It’s quite a story, t involving cows with green organs, decades of burying knowledge and chemicals, and a reveal with long-lasting and dire consequences. 
In 1999, when Bilott got the call that would change his life, he was working as an environmental lawyer Taft Stettinius & Hollister, a Cincinnati firm. According to the New York Times Magazine, Bilott was the “model” lawyer at Taft. He helped big corporations navigate environmental policies like the Safe Drinking Water Act, the Clean Air Act, and the Toxic Substances Control Act.
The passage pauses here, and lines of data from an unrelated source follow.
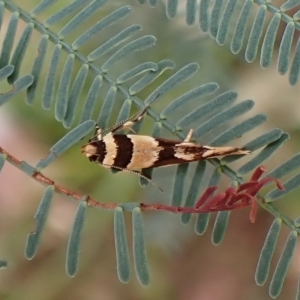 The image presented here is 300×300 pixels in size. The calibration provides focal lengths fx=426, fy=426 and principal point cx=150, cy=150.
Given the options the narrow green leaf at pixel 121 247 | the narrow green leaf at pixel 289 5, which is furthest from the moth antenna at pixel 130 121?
the narrow green leaf at pixel 289 5

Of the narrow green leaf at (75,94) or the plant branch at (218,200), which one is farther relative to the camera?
the narrow green leaf at (75,94)

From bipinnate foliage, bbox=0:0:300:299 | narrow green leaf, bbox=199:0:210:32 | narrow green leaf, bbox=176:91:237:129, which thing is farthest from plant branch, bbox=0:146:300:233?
narrow green leaf, bbox=199:0:210:32

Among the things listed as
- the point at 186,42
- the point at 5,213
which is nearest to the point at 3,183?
the point at 5,213

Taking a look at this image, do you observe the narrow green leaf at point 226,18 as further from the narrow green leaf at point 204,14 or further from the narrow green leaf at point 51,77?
the narrow green leaf at point 51,77

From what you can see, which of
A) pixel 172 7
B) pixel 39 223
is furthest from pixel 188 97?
pixel 39 223

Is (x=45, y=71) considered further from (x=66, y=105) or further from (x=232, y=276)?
(x=232, y=276)

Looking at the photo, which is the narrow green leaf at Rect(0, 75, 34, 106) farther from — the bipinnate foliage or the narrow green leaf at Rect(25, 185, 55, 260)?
the narrow green leaf at Rect(25, 185, 55, 260) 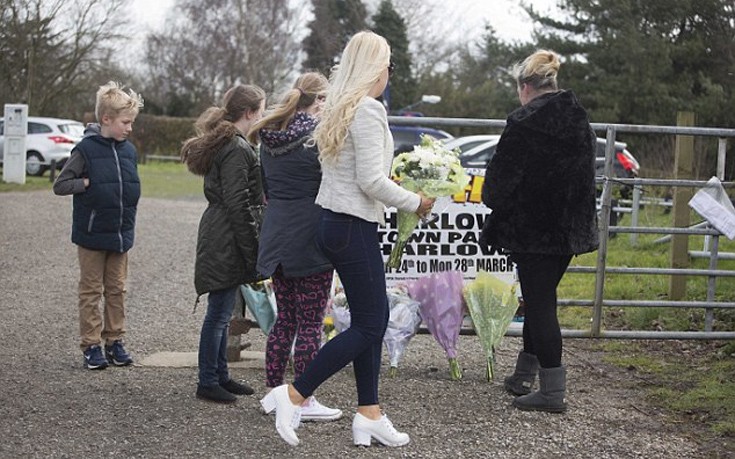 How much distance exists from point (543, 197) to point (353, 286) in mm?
1366

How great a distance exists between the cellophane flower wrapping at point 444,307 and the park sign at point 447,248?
16 cm

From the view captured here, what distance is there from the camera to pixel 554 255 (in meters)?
5.60

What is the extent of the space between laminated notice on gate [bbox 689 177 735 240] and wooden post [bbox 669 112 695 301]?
96 cm

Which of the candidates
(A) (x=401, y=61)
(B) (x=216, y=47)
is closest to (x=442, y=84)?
(A) (x=401, y=61)

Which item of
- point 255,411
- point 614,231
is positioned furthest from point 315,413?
point 614,231

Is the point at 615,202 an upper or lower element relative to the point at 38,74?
lower

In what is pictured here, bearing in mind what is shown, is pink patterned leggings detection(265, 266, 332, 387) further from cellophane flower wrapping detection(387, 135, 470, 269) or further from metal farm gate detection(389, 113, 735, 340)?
metal farm gate detection(389, 113, 735, 340)

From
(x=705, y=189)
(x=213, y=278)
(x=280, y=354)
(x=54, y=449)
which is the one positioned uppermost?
(x=705, y=189)

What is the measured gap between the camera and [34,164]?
29703mm

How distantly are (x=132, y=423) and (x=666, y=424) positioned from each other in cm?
290

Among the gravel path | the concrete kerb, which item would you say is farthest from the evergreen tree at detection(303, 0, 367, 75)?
the concrete kerb

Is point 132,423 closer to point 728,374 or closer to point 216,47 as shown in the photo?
point 728,374

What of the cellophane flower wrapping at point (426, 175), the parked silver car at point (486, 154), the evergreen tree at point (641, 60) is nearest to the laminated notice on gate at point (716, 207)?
the cellophane flower wrapping at point (426, 175)

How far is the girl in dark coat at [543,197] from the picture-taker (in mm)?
5512
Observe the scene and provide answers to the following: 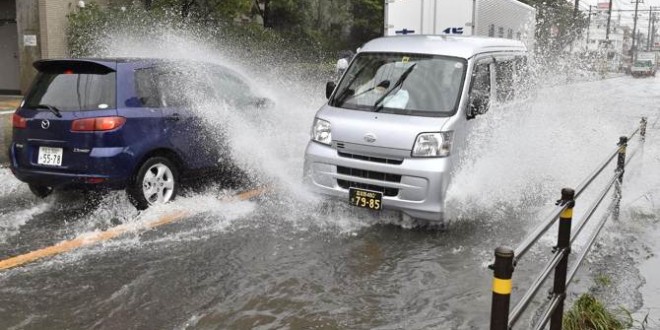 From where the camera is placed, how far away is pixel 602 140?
11.1 meters

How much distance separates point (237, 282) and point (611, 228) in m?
4.05

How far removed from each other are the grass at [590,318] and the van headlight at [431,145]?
2.22m

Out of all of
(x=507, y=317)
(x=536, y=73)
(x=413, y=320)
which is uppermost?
(x=536, y=73)

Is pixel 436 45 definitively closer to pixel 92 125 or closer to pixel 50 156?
pixel 92 125

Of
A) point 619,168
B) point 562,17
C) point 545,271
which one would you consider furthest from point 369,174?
point 562,17

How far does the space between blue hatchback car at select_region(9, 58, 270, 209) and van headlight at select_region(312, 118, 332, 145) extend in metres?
1.46

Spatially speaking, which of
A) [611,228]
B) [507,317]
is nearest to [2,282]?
[507,317]

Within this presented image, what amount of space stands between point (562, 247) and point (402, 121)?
9.46 feet

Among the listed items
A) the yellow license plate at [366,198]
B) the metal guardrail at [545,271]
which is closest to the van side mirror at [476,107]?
the yellow license plate at [366,198]

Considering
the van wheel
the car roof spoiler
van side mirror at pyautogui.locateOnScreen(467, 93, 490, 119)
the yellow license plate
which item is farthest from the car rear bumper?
van side mirror at pyautogui.locateOnScreen(467, 93, 490, 119)

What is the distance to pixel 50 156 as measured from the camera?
20.5 feet

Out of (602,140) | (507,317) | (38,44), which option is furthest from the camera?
(38,44)

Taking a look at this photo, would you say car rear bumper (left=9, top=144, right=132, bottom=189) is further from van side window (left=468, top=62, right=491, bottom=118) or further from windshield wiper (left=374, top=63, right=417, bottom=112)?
van side window (left=468, top=62, right=491, bottom=118)

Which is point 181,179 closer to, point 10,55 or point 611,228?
point 611,228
Essentially, he enabled them to pollute but “legally.” 
On the other line was Wilbur Tennant (played by Bill Camp), a cattle farmer from Parkersburg, W.V. Tennant had a problem. By that point, 153 animals died had died grisly deaths on his property, including his cows (and livelihood). Dissections showed blackened teeth, discolored organs, malformed hooves, oozing slime. Tennant suspected that the water supply poisoned by the nearby DuPont plant was responsible. 
Typically, Bilott worked for companies like DuPont, not against them. But thanks to Tennant’s acquaintanceship with Bilott’s grandmother, Bilott didn’t hang up the phone. Instead, he decided to use his expertise in these cases to help Tennant. In doing so, Bilott was signing up for a fight that would take decades of his life and would continue past Tennant’s death.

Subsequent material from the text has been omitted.